No, I meant if time as such speeds up causing all events to happen faster and
faster.

Young and old would experience the same "speed" of time and feel that "speed"
accelerating with age.

------
vinutheraj
Hmm I can certainly buy this explanation. From the perspective of a child(me
as a child) every day is nearly always an anticipation, because nearly
everyday you have school and every morning I would wake up hoping its not a
working day, only to be disappointed ~70% of the time. And every week I would
be hoping for the weekend to arrive. I would keep dreaming about the time I
will be allowed to drive, the first time I can taste alcohol, etc.

Well looking back at all the weekends and my first drive and my first sip of
alcohol, it all seems to have gone so fast :(!

------
andreyf
Yuk, why doesn't it bother anyone that this is proposing a say-so theory
without any suggestions for testing it?
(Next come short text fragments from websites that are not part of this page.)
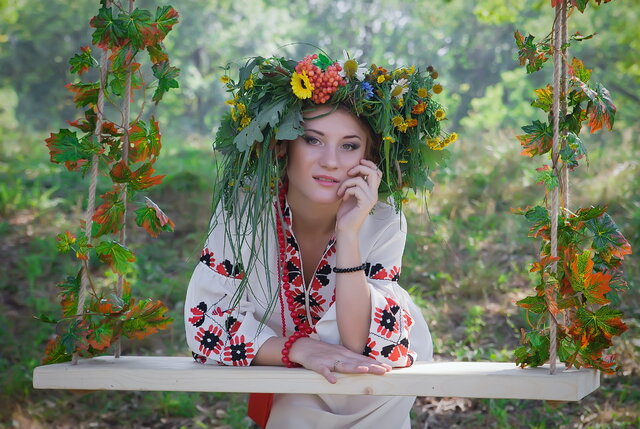 Marija CHernobaj's photo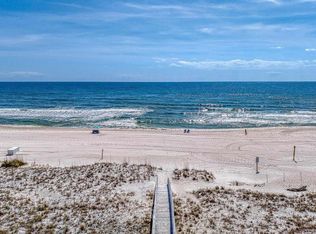 Gulf Side VIlla, Perdido Key, FL 32507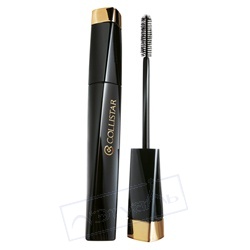 COLLISTAR Водостойкая тушь для ресниц Mascara Design Black, 11 мл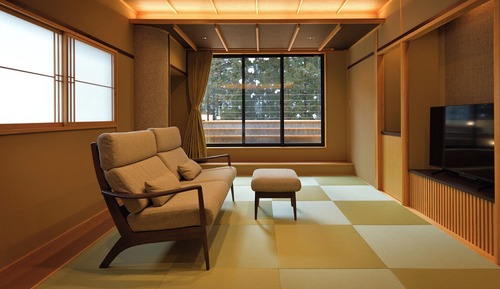 Habitación básica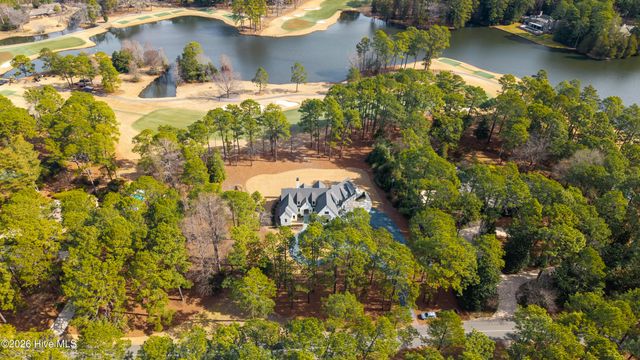 70 Lake Dornoch Drive, Pinehurst, NC 28374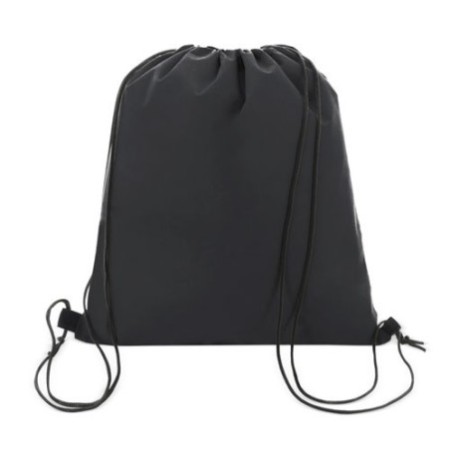 BOLSA MOCHILA NON WOVEN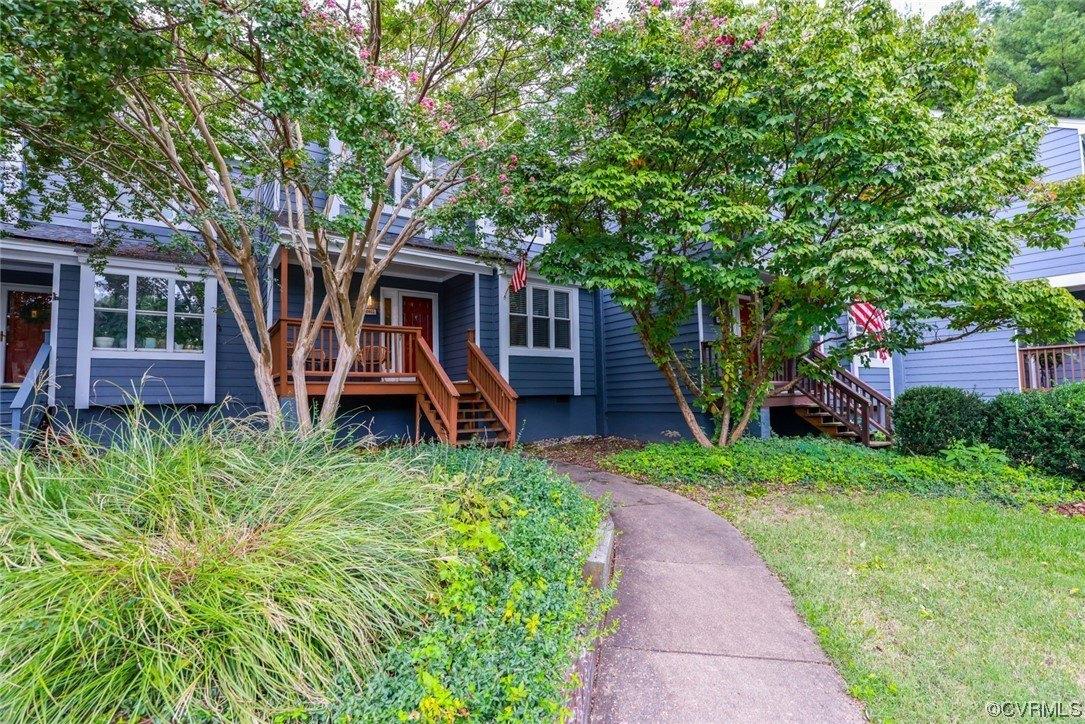 Joppa Pl, Henrico, VA 23233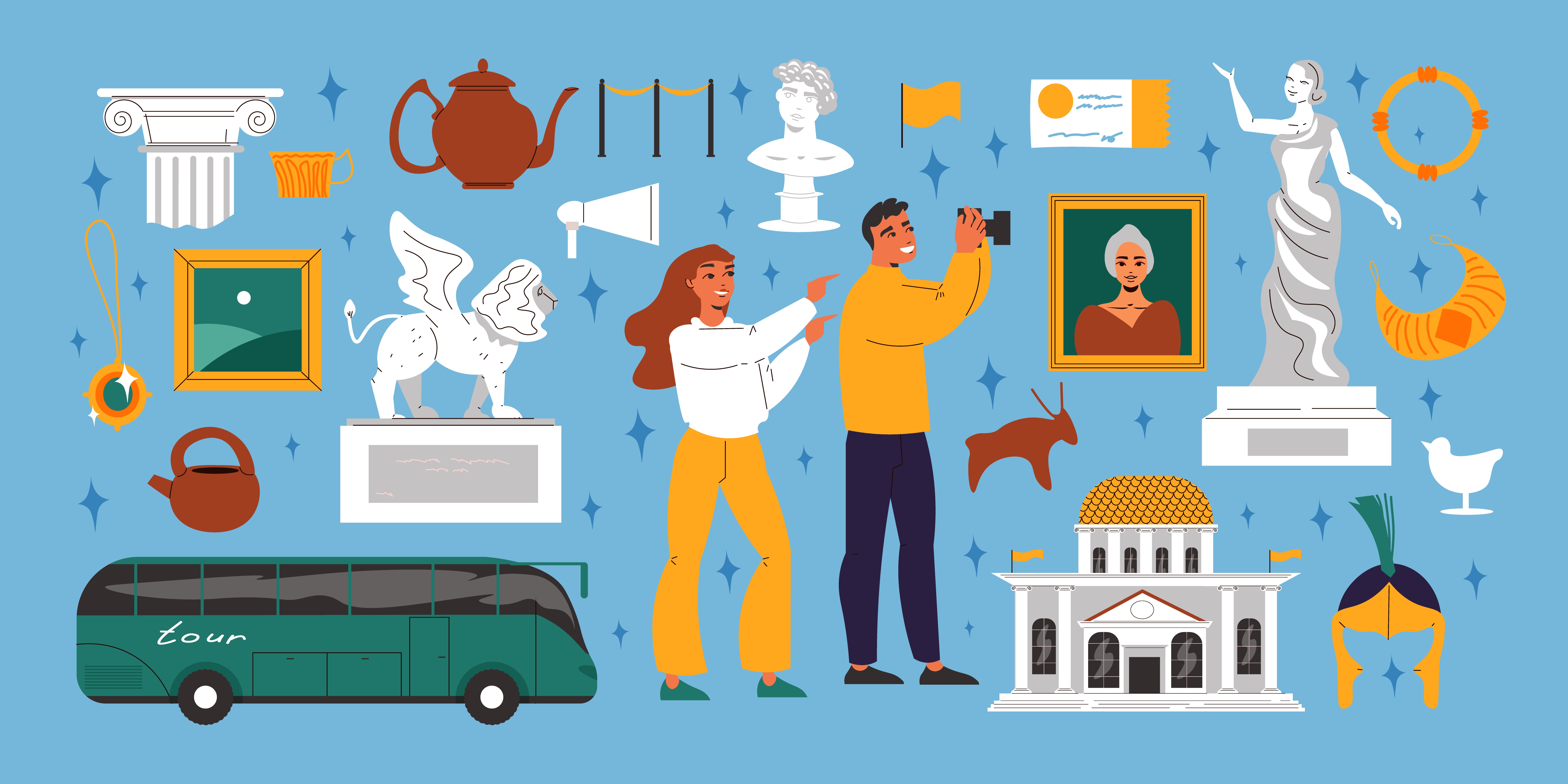 Museum-Project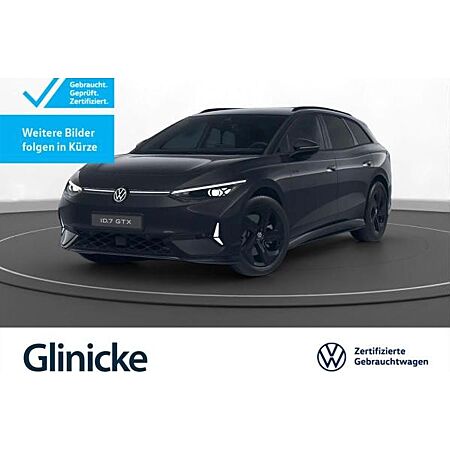 VW ID.7 leasen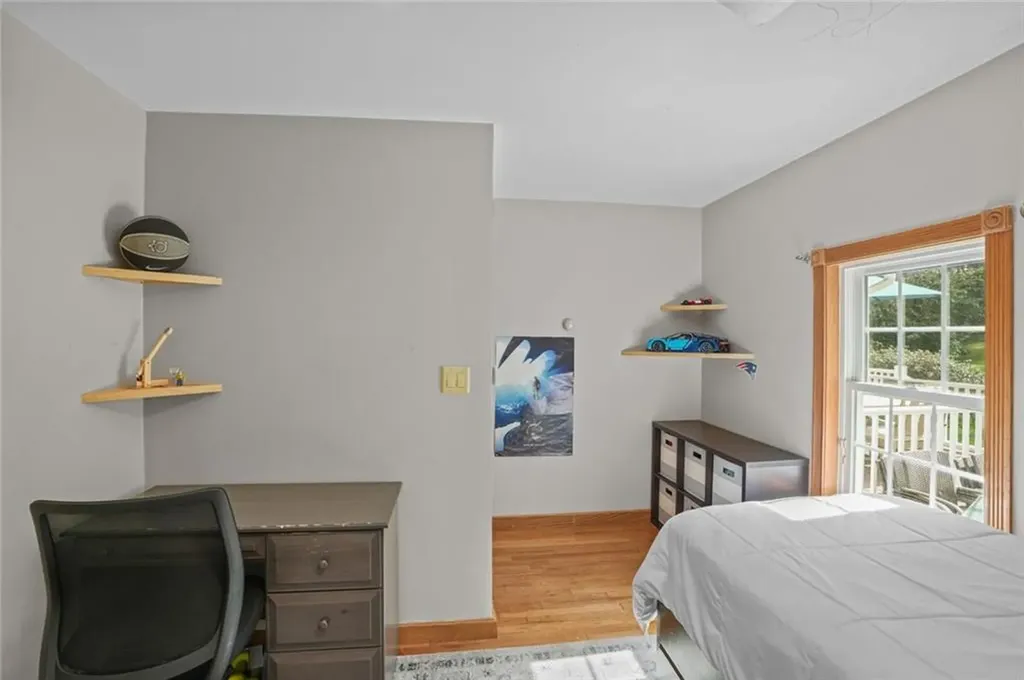 151 Old Jenckes Hill Road Lincoln RI 02865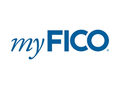 myFICO logo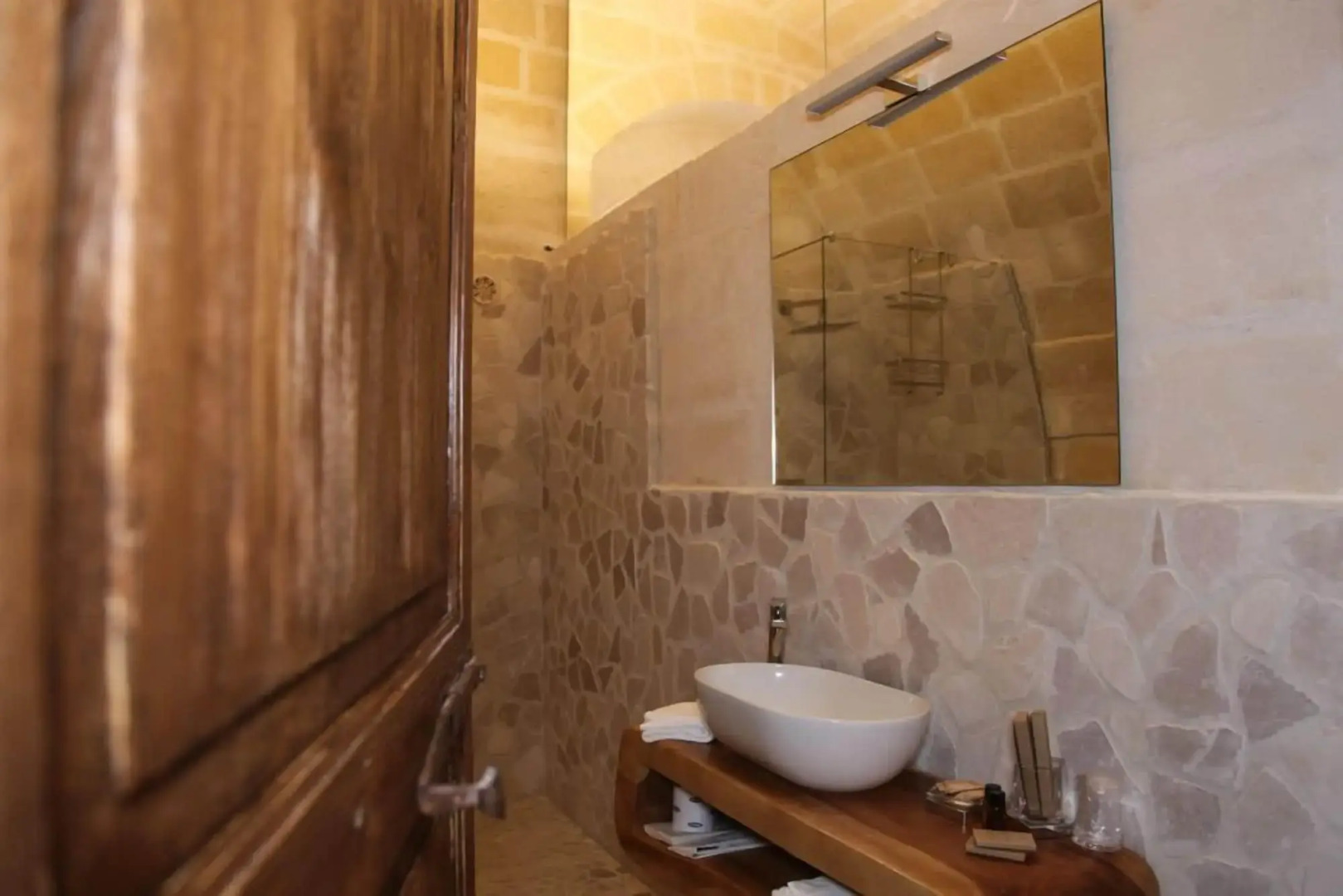 Antico Convicino Rooms Suites & SPA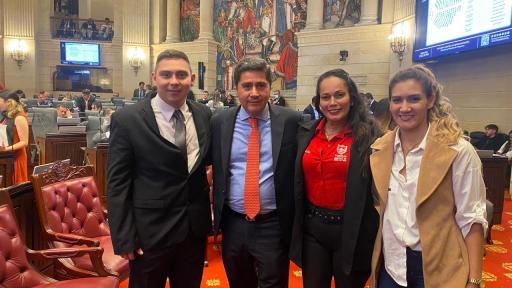 Aprobada ley que mejora condiciones laborales de concejales 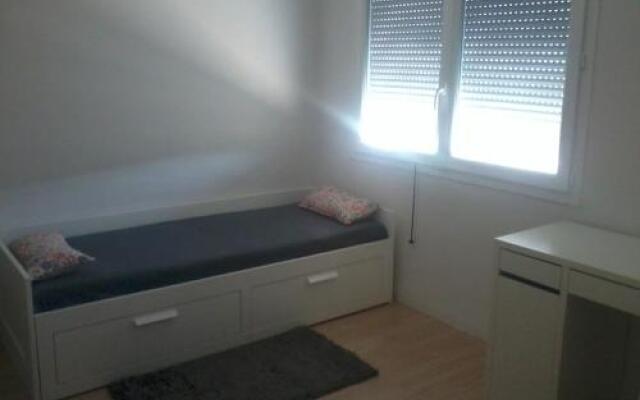 Station balnéaire Pradet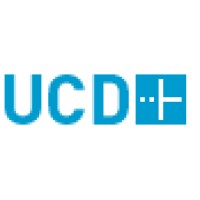 UCDplus GmbH Logo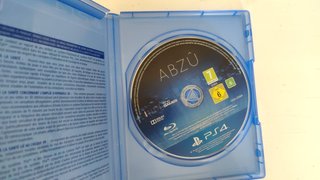 Abzu - PS4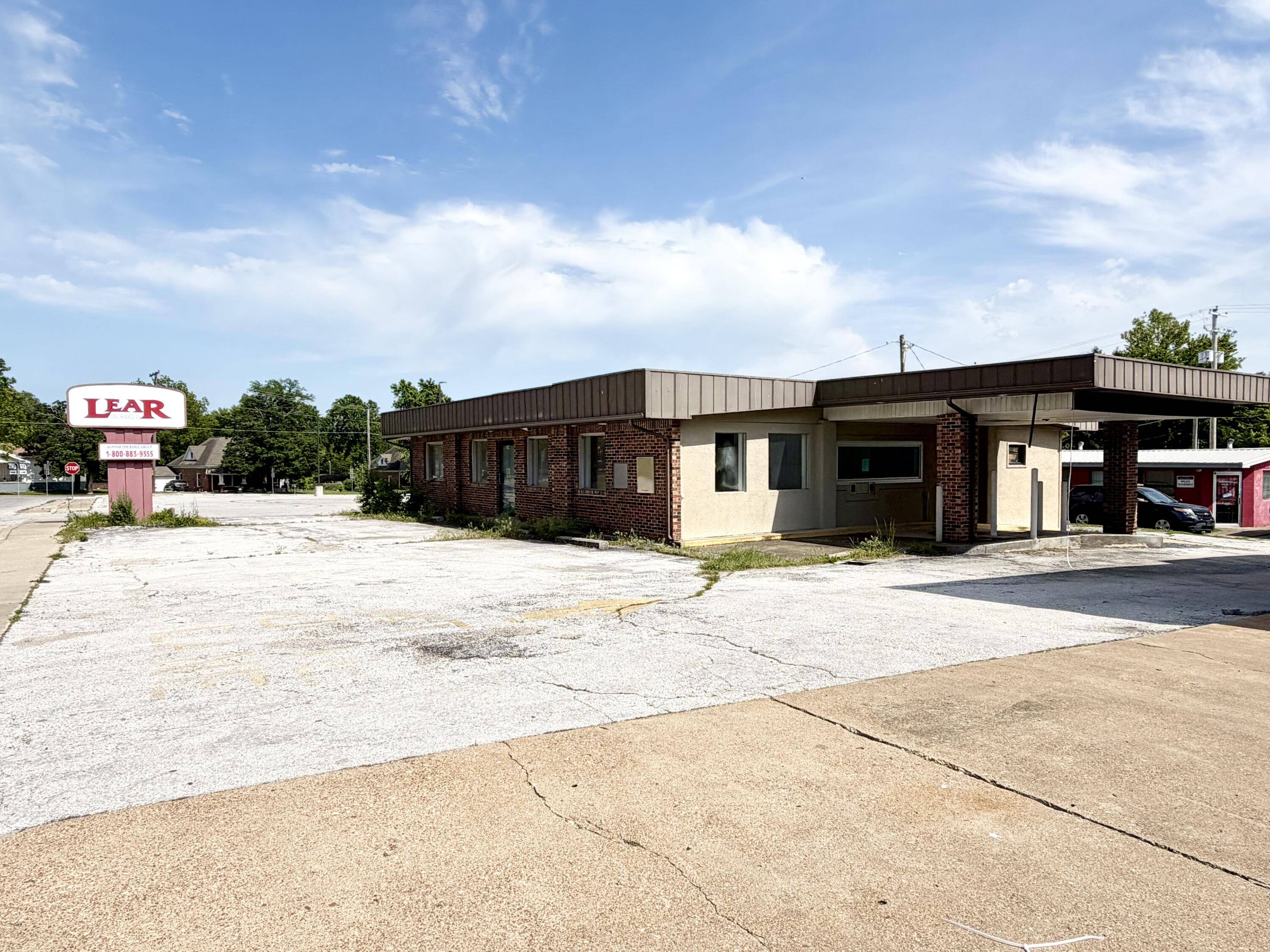 104 E Tilden ST, Humansville, MO 65674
Truth isn't truth if it isn't
falsifiable. Instead, how about:

In hindsight, length of time is perceived as change in world view. The more
your mental state has changed in a given period of time, the longer it seems.
The reason the decade from 5 to 15 seem so much longer than 55 to 65 is
because of the drastic changes in your world view that occur during childhood.
It's the same reason not a lot of 5 year olds are friends with 15 year olds,
yet I imagine most 55 year olds can be good friends with most 65 year olds.

This hypothesis would predict several micro and macro phenomena which are
testable:

For the micro scale, two groups of subjects are placed into an environment
with no way of tracking time (no windows, no clocks) for a month. The control
group is provided with books/TV shows/news programmes of their choice, asked
to _pick ones that they've read/seen_ and enjoy. The test group is asked to
pick books/programmes they think they'll enjoy, but have never read or seen.
After about a week, notable events are planned - maybe the light bulb burns
out, or the sheets are changed to ones which are bright red, or maybe the food
in the cafeteria changes. At the end of the month, the person is asked to
estimate the amount of time that passed between certain events. If the
hypothesis is correct, the control group should perceive less time having
passed between the events compared to the test group.

For the macro scale, my theory would predict people with monotonous,
repetitive, jobs to experience the effects of "time passes faster with aging"
more than those which expose them to new phenomena. So a Java-only career
engineer will experience the effect more than someone who spends time learning
new languages.

------
quizbiz
I would be very interested in techniques used to make lengths time feel
slower. Productive but stretched out. To what extent can we control our
perception of time?

------
iterationx
I think its because tasks take longer as an adult. For example to accomplish
something as a child takes a few hours, homework for example. But to
accomplish something significant as an adult could take months or years, like
software. So I think we appear to have less time because we can only get 4
significant tasks accomplished a year instead of say 100.

------
kqr2
My take: As we become older, we become more aware of our mortality, in other
words, time is running out; therefore time seems to go by faster just like it
does when you procrastinate right before a deadline.

If we were immortal, I wonder if we would continue to perceive that times go
by faster?

------
tybris
Because our lives tend to become less interesting (as in: new experiences)
over time.

------
helveticaman
Thank goodness. Highschool and elementary are shitty times for nerds.

------
4n00n
The relative term is called tangential acceleration.